O MPT (Ministério Público do Trabalho) em Alagoas foi procurado, mas informou ao UOL que não atua mais no caso, já que, com a falência, o caso passou para a Justiça comum.

Outro lado

A Laspro Consultores é a empresa que hoje administra a massa falida da Laginha. O UOL pediu para falar com algum dos administradores sobre o processo, mas foi informado que as perguntas deveriam ser "encaminhadas antecipadamente para que possamos apresentá-las em Juízo, a fim de colhermos autorização judicial para as respectivas respostas". O envio dos questionamentos foi feito no dia 14 de junho, mas até o momento não houve retorno.

Já o MP Estadual informa que atua apenas "como fiscal". Alega ainda que o processo demora a ter definição por conta de inúmeros recursos impetrados durante o curso da ação.

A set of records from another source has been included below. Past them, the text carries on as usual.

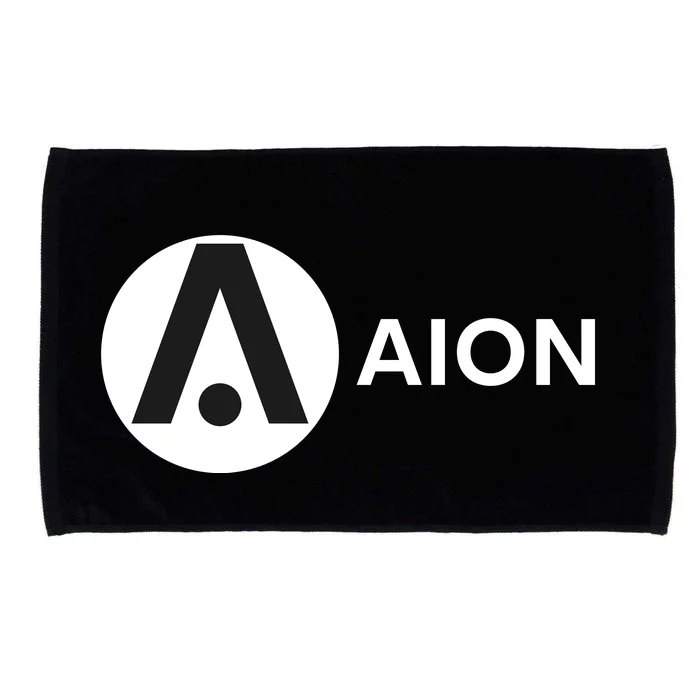 Aion Logo, Aion Crypto, Aion Wallet, HODL AION, Aion Microfiber Hand Towel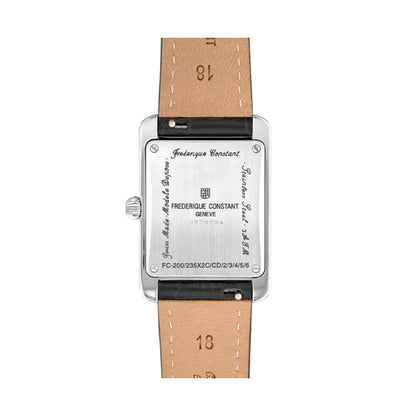 FREDERIQUE CONSTANT Mod. CLASSIC CARRÉE SMALL SECOND FC-235S2C6 Armbanduhr Rot ansicht-2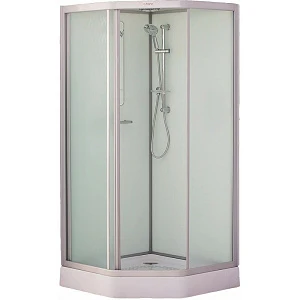 Душевая кабина Esbano Elegancia ESKB100PR 100x100x210 см, с крышей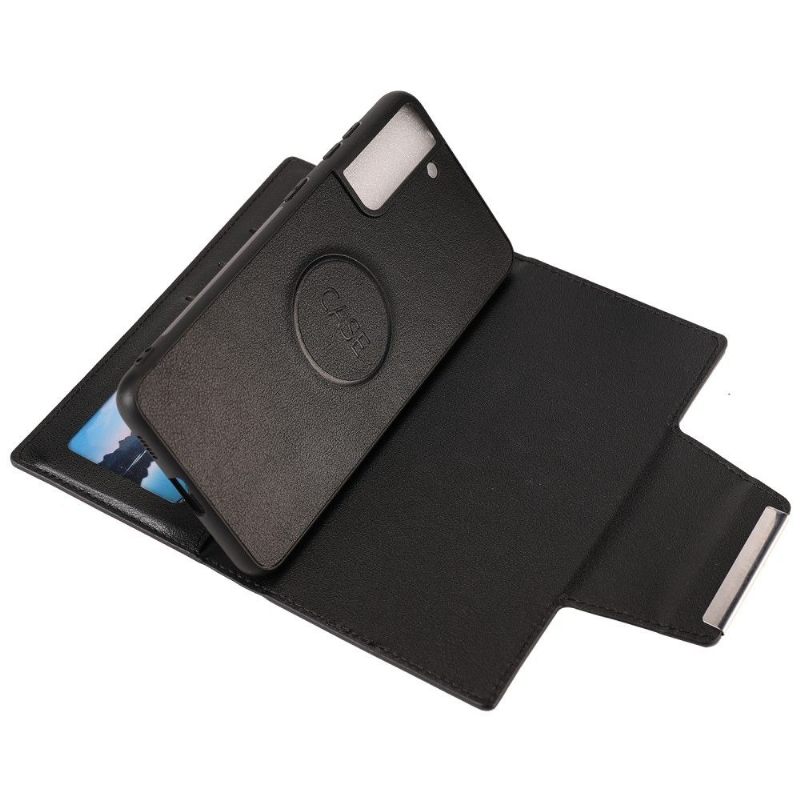 Hoesje Folio-hoesje voor Samsung Galaxy S21 5G Portemonnee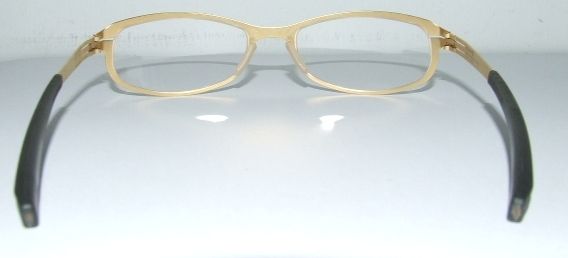 BRILLENGESTELL NEU IC BERLIN MOD.ROSA M. DAMEN/MANN UNISEX EYEGLASSES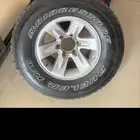 جنط نيسان اصلي وكفر برجستون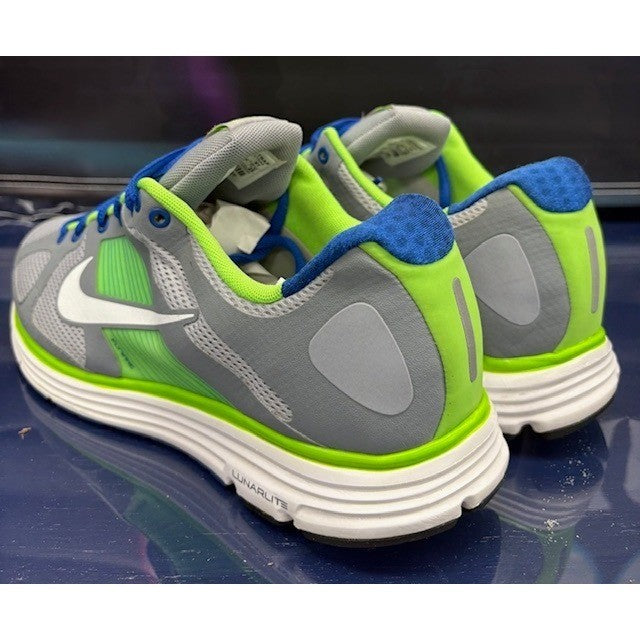 Nike Lunar Elite Grey Green (2009) 386477-012 Mens sneakers size 113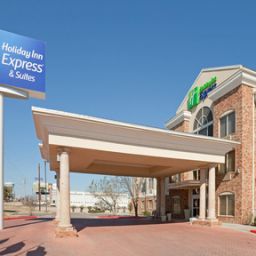 Vista exterior Holiday Inn Express Hotel & Suites EAGLE PASS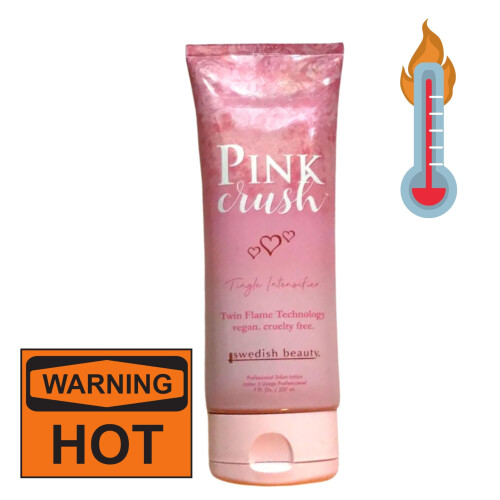 Pink Crush Tingle Intensifier Moderate Tingle & Warming 7oz 2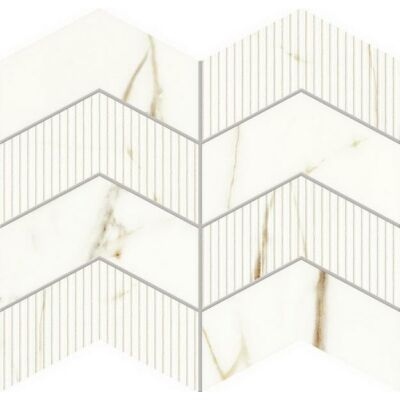 domino sable white mozaik 25x29,8 cm 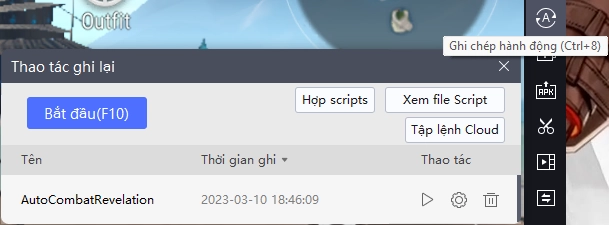 『HƯỚNG DẪN』Revelation - Thiên Dụ VNG auto phó bản nhiều tài khoản trên PC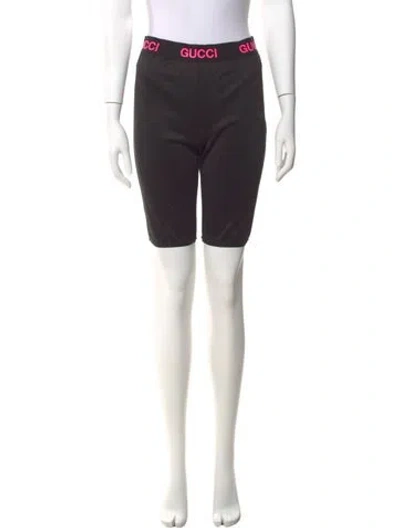 Pre-owned Gucci 2022 Knee-length Shorts W/ Tags In Black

A reportagem não conseguiu localizar João Lyra para que comentasse sobre a ação. Segundo informaram pessoas próximas, ele não está concedendo entrevistas e nomeou uma de suas filhas como curadora do processo.

Cronologia:

  • 1958 - Fundação da Laginha Agroindustrial S/A.
  • 2006 - João Lyra se candidata ao governo do estado, mas acaba derrotado. Gastos de campanha comprometem as finanças de suas empresas.
  • 2008 - Laginha ingressa com pedido de recuperação judicial.
  • 2010 - João Lyra é eleito deputado federal, o mais rico da Casa e também o mais faltoso da legislatura.
  • 2012 - Laginha apresenta aditivo ao plano de recuperação, mas, diante dos indícios de inviabilidade financeira, é determinada a intervenção judicial na gestão.
  • 2013 - Laginha tem a falência decretada em primeira instância em 20 de agosto.
  • 2014 - Processo tem trânsito em julgado, e falência definitiva ocorre em fevereiro de 2014.
  • 2016 - Diante do tamanho do processo, a Corregedoria de Justiça de Alagoas designa uma comissão de juízes para atuar no processo.
  • 2017 - Leilões das usinas Triálcool e Vale do Paranaíba, em Minas Gerais, rendem R$ 350 milhões, destinados a pagamentos de créditos trabalhistas.
  • 2019 - Indicado para o cargo, desembargador Kléver Loureiro suspende arrematações das usinas Triálcool e Vale do Paranaíba. Uma nova comissão de juízes é designada para atuar no caso.
  • 2020 - Laginha recebe precatório de R$ 690 milhões, mas o dinheiro fica parado em conta judicial, aguardando liberação (e recurso da União) do TRF-1. Em setembro, grupo com cerca de 50 advogados de credores ingressa com pedido de providências no CNJ contra Kléver Loureiro.
  • 2021 - Em 15 de abril, Kléver, atual presidente do TJ-AL, institui uma nova comissão de juízes para atuar na falência. Em 7 de junho, TRF-1 determina a transferência dos R$ 690 milhões de precatórios para o juízo falimentar.